# First time surrogate for best friend - In the dreaded 2WW!



## surromum (Oct 29, 2009)

Hello!

I'm a first timer Host surrogate and had a FET 2 x 3day totsicles on Wed 21st October.  Due to POAS anytime between Tues and Thurs next week.  

Have promised to carry for my best friend since we were teenagers so I'm very anxious that this works for her and her DH.

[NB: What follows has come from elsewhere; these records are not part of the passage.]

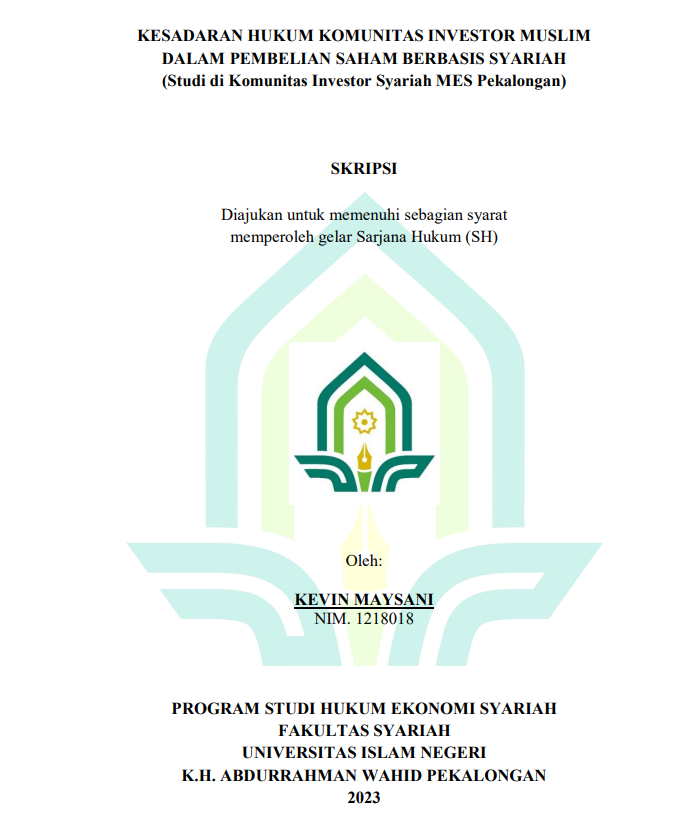Image of Kesadaran Hukum Komunitas Investor  Muslim dalam Pembelian Saham Berbasis Syariah (Studi di Komunitas Investor Syariah MES Pekalongan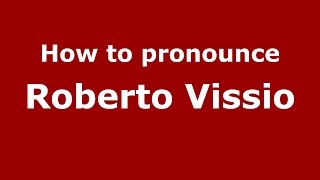 How to pronounce Roberto Vissio
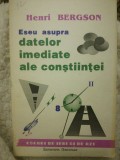 Eseu asupra datelor imediate ale constiintei - Henri Bergson, 1992, Filosofie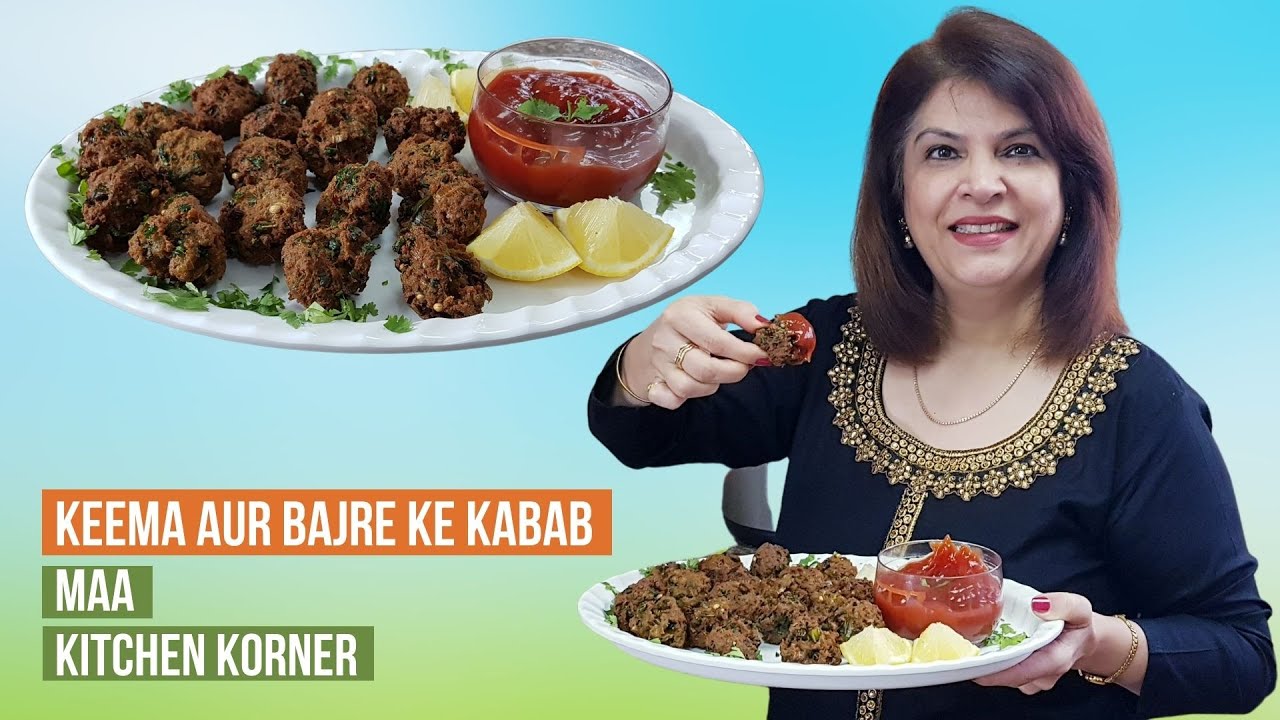 Bajre ke Kebab | Keema aur Bajray ki Kebob | Bajre ke Atte ke Qeema Kabab - Maa Kitchen Korner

Anyway, nice to meet you all, and look forward to finding out more about other people's journeys and successes!   

xxxxx


----------



## joeyrella (May 13, 2009)

hello!
what a wonderful thing to do.  hope it works
x


----------



## Hayleigh (Apr 29, 2008)

Hello Surromum  

I absolutely admire ladies like yourself, you are doing the most wonderful thing for your friend 'inspirational'      I wish you the very very best of luck            

With love and LUCK  

xx H xx


----------



## surromum (Oct 29, 2009)

Thanks! I just hope I can help them.  Will keep you posted.


----------



## Ceri. (Sep 6, 2004)

and welcome to Fertility Friends 

Wow! What a wonderful lady you are! I  that this journey works out for your friends. Are they members of FF too? There's support for all of you here 
Please have a look around and start posting around the boards and making friends. FF is a wonderfully supportive community and you can only get the best out of it if you start posting and joining in so, please do so. You will soon discover that our members are very encouraging of one another and offering advice or just simple hugs. There's a vast amount of information here for everyone, so start reading, posting and getting to know others. You will make some great friends too (add them to your buddy list in your profile!), lots of members often have meet ups locally too, for chats, coffee and shopping... 
Here are some links you might find helpful at the moment&#8230;.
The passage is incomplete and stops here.